The concern for the international community now is that with some key North Korean anniversaries coming up – including Party Foundation Day on October 10 – leader Kim Jong Un could mark the occasion by ratcheting up tensions further.

So why fire the cruise missiles now? The short answer is, it was time. The last missile tests were on March 25. And North Korea, like all other states armed with missiles, periodically needs to test and upgrade its arsenal.

It also came after a rather subdued military parade on September 9 to commemorate the republic’s founding day. Previous years have seen North Korea celebrate its birthday with nuclear tests on or close to the date. But this time, Pyongyang dialed back on the display of military might – there were no ballistic missiles on show, no boasts of nuclear capability.
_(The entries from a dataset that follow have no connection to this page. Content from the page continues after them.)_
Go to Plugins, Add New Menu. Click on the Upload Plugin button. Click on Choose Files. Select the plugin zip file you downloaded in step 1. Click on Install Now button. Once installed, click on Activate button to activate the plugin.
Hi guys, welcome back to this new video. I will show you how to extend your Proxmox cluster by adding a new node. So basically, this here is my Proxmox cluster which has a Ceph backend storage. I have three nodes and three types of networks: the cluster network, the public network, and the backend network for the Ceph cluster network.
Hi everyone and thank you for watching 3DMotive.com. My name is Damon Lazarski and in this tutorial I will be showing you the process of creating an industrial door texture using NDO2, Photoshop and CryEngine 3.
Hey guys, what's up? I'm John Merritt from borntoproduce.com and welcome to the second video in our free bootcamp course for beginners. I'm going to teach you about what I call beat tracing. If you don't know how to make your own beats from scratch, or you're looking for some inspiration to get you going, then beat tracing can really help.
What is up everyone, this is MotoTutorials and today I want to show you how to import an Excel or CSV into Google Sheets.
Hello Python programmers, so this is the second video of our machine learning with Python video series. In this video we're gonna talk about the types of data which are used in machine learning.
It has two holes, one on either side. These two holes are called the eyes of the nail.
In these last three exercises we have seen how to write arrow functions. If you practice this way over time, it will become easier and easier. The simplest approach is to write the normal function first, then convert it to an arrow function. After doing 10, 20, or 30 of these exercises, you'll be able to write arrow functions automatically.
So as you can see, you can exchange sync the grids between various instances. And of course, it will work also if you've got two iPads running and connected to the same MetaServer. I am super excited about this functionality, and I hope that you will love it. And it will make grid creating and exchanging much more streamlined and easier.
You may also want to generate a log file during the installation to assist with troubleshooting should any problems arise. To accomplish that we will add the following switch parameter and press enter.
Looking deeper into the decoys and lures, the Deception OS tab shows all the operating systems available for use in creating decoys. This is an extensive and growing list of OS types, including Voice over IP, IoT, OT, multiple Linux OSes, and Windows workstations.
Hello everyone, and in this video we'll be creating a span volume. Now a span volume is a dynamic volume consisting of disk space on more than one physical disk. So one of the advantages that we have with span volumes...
Some Korea watchers noted that the aim of the event could have been to offer a glimmer of diplomatic progress to the international community.
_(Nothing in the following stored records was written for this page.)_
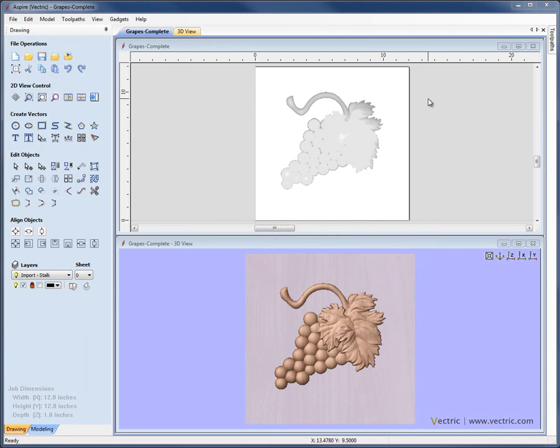In this overview video, we're going to look at the important concepts of grouping and baking components.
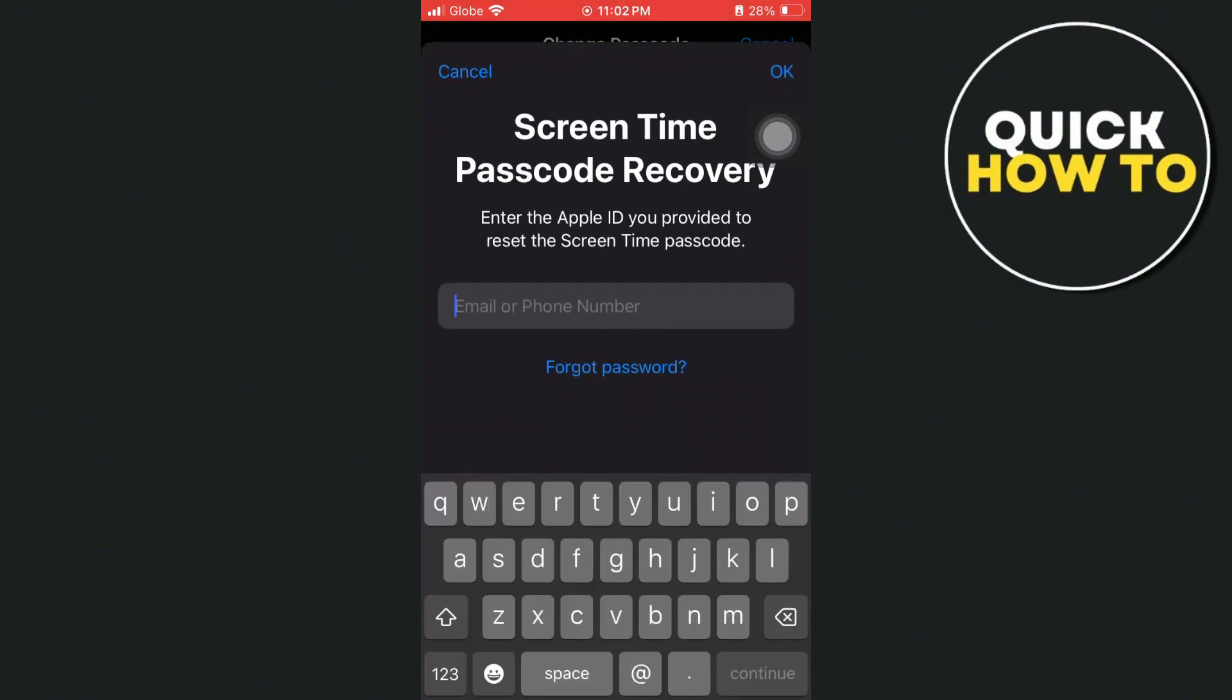Now you can see screen time passcode recovery. You just need to enter your Apple ID, and once you've entered your Apple ID and password, they will send you a two-factor authentication code that you can use to reset your screen time passcode on your iPhone.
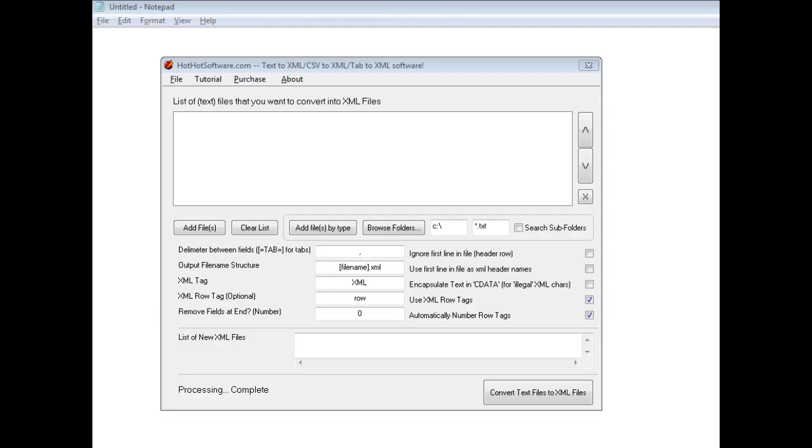Good morning. Welcome to HotHotSoftware.com Text2xml, CSV2xml, and Tab2xml software.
But again, such an apparent overture fits into a cycle. I noted in a tweet on September 9 that the low-key parade might be a deliberate move, to be followed by a provocative act. And indeed the very next day, missile tests resumed.

The response by Washington has been muted. Meeting on September 14, senior diplomats from Japan, the United States and South Korea called on North Korea to return to the negotiation table over its nuclear and missile program.

The US special representative for North Korea policy, Sung Kim, asked North Korea to “respond positively to our multiple offers to meet without preconditions.”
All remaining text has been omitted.